Cash Accounting vs Accrual Accounting
A business uses an accountant with sound accounting knowledge to prepare a company’s financial statements. These financial statements can be prepared by using either of the two methods; cash accounting or accrual accounting. Cash accounting and accrual accounting are distinguished from each other based on the types of businesses that use these accounting methods, levels of complexity in preparation, and the timing in which the transactions are recorded. The following article will help the reader clearly understand the differences between these two forms of accounting in relation to the factors earlier mentioned.
Cash Accounting
Cash accounting is a straightforward method of accounting in which transactions are recorded in a company’s accounting books, only when the cash has been exchanged in completion of the transaction. In that sense, for example, if a sole trader sells a pair of shoes to his customer on credit, the sale will not be recorded until the seller receives the cash. In the event that a sole trader agrees to make a payment for an amount he owes, this will not be recorded until the funds are received by the creditor. This form of accounting is more commonly used by smaller businesses that do not require professional accountants to prepare their statements.
Accrual Accounting
Accrual accounting is used mostly by medium to large organisations and under this method transactions are recorded as and when they occur, regardless of whether the funds are exchanged to complete the transaction. This method of accounting is considered to be the standard for maintaining accounts for many companies, and offer a better insight into a firm’s financial situation at the time. The accrual accounting method is also more complicated and requires the services of a professional accountant, which can usually be quite costly for a company. For example, if a customer purchases a watch by using a credit card, company will not wait for the funds to be received to record the sale in their accounting records, as accounts receivable. The same applies to a payment that is promised; it is recorded as accounts payable.
What is the difference between Cash and Accrual Accounting?
Maintaining a proper record of accounting information is essential to any firm and this can be done by using either accrual accounting or cash accounting. However, these two methods are very different from each other, because accrual accounting will record the transactions as and when they occur, and cash accounting will record them only once the cash has been exchanged. Accrual accounting allows the revenues to be coupled with the expenses for the period, and this increases the accuracy of the accounting records.

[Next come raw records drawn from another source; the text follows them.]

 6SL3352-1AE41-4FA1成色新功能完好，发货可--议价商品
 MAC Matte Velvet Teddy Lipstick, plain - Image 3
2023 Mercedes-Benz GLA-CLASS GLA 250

However, in cash accounting a record of the transaction is made in the accounting books only when the cash has been exchanged between the two parties. For example, if a company makes many sales on credit amounting to $1000, this will not be recorded in the accounting statements under the cash accounting system, as cash is not received. Assuming, at the same period, if the firm pays its creditors, an amount of $600, under cash accounting this would have been recorded as a payment of $600. The overall accounts will show a loss of $600, because even though the $600 is entered the $1000 is not recorded as accounts receivable. On the other hand, under accruals method, $1000 would be entered as receivables and $600 would be recorded as a payment, so the company would have made a profit of $400. In this sense, cash accounting may give a distorted picture of the revenues and expenses for the period.

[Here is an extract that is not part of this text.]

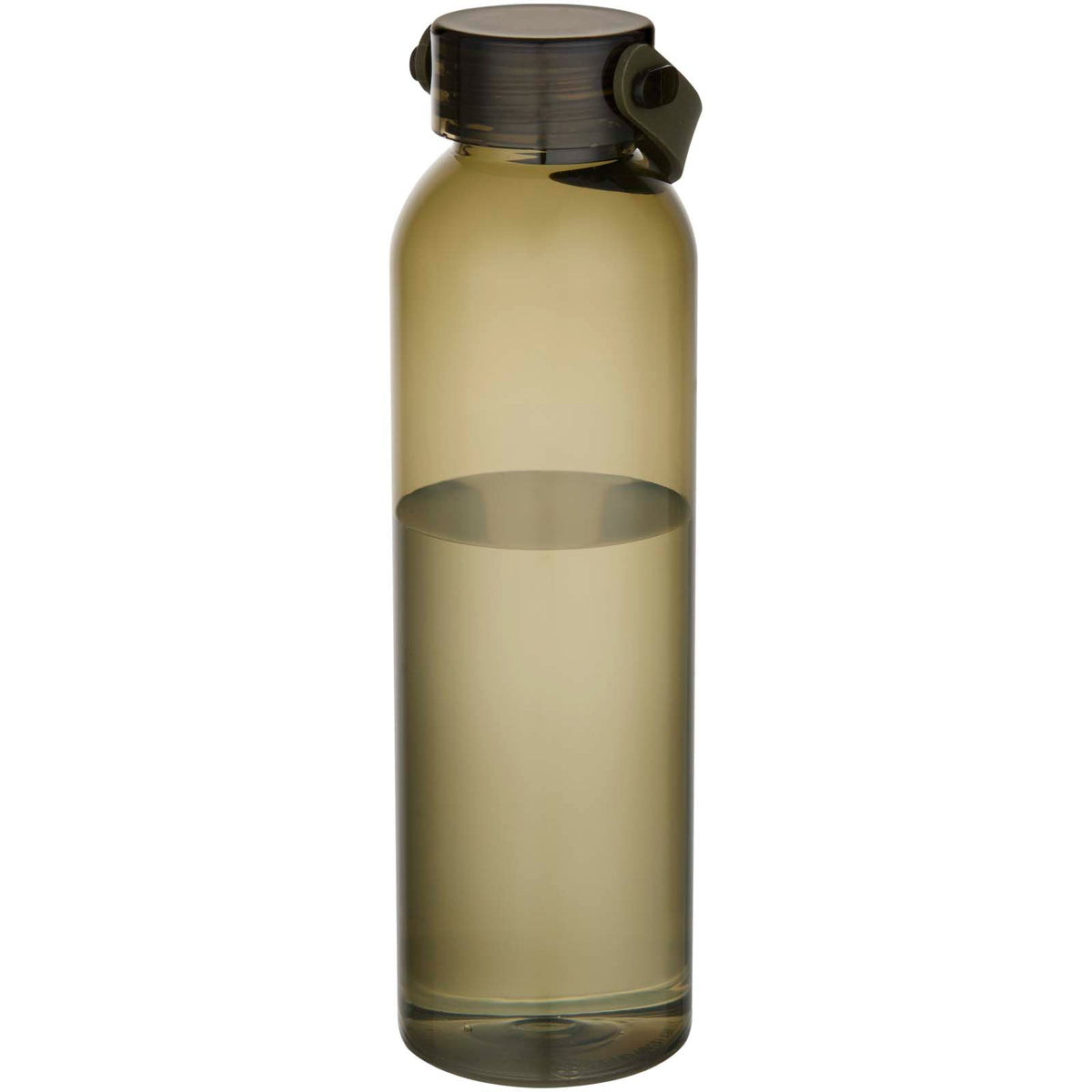 Alti 630 ml vattenflaska av RCS-återvunnen plast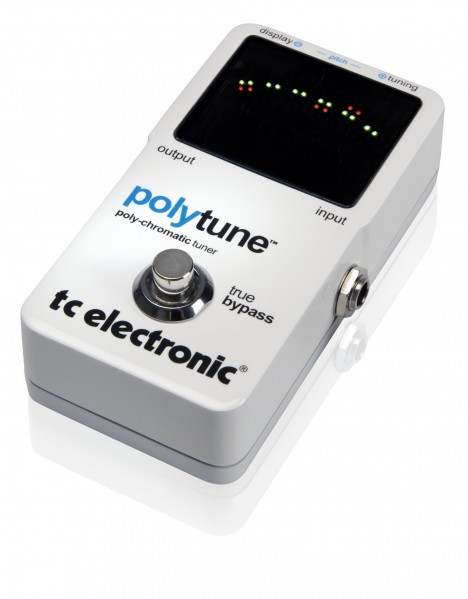 polytune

Cash accounting is straightforward and less expensive, whereas accrual accounting is complex and requires expensive services of a professional accountant.

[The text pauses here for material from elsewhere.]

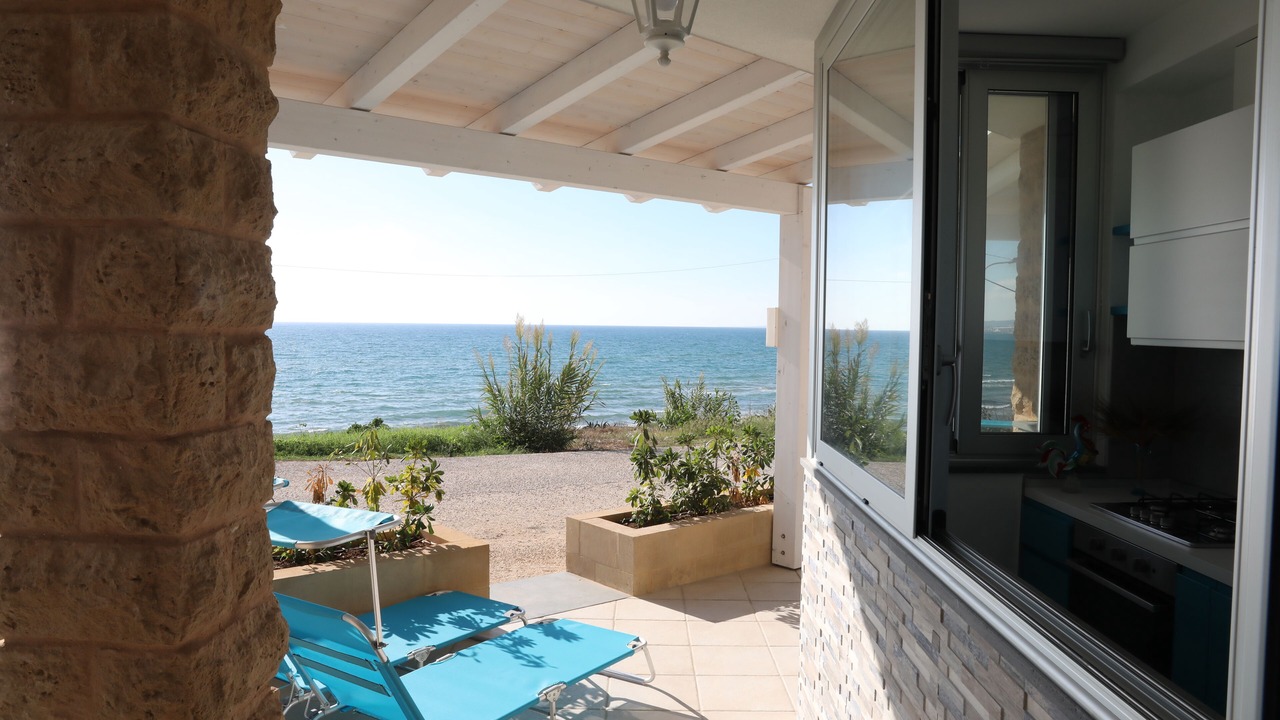 Photo of Outdoor in Cava dʼAliga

In a nutshell: Cash vs Accrual Accounting • Cash accounting will only record transactions during the time that the cash is exchanged, and accrual accounting will record transactions once the transaction is made, regardless of whether payments are made or funds are received. • Accrual accounting helps a firm to have a more accurate record of its transactions by allowing the revenues of the period match with the expenses for the period. • Cash accounting is much simpler than accrual accounting and less expensive but may result in a distorted picture of the company’s financials. • An accrual accounting system is recommended, as it is in accordance to the accruals concept of accounting, and accrual accounting is an accurate portrayal of the firm’s financial situation at the time.